• ASSIGNED TASK: After finding the line with "New 2026 Lincoln" in the data below, set down exactly each line through the one with "올해 소프트테니스 국가대표", inclusive, and stop there.

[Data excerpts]
───

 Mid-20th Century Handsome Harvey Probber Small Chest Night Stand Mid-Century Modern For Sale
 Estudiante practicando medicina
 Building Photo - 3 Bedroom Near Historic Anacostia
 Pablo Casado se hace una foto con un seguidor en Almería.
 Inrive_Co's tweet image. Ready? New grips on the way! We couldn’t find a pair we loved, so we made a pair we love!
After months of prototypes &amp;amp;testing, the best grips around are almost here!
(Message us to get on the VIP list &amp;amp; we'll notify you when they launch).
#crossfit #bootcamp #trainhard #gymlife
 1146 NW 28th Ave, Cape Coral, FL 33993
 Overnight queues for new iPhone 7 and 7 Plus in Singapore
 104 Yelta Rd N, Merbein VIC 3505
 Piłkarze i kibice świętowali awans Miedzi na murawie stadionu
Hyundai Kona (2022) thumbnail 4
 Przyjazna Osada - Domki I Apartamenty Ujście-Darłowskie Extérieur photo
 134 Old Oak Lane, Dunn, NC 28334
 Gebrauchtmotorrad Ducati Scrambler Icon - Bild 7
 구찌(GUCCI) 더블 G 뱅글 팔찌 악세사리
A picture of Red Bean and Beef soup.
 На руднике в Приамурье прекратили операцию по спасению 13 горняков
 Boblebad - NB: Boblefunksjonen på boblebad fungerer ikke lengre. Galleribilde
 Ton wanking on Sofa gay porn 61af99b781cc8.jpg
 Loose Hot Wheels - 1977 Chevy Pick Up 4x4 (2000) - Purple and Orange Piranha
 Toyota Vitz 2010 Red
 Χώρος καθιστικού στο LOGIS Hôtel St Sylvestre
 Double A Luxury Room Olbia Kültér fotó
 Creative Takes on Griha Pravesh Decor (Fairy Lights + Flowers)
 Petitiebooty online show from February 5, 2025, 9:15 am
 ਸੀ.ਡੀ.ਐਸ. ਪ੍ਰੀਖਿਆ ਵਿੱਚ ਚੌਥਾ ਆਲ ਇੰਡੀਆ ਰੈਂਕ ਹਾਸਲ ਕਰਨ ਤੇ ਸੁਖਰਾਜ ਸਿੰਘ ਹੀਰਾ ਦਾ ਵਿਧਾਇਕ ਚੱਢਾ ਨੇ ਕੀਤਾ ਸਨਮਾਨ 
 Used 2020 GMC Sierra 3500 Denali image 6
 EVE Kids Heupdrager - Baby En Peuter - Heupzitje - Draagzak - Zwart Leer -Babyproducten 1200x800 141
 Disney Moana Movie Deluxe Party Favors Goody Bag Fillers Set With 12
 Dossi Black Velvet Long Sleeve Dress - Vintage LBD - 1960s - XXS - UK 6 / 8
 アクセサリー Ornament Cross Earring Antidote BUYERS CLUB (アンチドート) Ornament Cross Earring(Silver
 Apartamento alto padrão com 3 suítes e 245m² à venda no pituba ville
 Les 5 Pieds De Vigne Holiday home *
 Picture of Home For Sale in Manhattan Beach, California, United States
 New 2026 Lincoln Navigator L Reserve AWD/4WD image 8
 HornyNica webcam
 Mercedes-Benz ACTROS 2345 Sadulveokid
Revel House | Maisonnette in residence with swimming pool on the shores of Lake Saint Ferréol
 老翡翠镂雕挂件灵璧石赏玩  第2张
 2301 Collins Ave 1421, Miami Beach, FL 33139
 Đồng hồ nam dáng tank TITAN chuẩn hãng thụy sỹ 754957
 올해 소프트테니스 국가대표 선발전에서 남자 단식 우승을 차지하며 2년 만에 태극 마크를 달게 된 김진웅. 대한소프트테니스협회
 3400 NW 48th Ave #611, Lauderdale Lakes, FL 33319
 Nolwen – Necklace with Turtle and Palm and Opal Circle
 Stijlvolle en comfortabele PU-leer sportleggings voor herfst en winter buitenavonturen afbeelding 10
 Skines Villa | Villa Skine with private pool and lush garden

───

• SOLVED EXERCISE:
 New 2026 Lincoln Navigator L Reserve AWD/4WD image 8
 HornyNica webcam
 Mercedes-Benz ACTROS 2345 Sadulveokid
Revel House | Maisonnette in residence with swimming pool on the shores of Lake Saint Ferréol
 老翡翠镂雕挂件灵璧石赏玩  第2张
 2301 Collins Ave 1421, Miami Beach, FL 33139
 Đồng hồ nam dáng tank TITAN chuẩn hãng thụy sỹ 754957
 올해 소프트테니스 국가대표 선발전에서 남자 단식 우승을 차지하며 2년 만에 태극 마크를 달게 된 김진웅. 대한소프트테니스협회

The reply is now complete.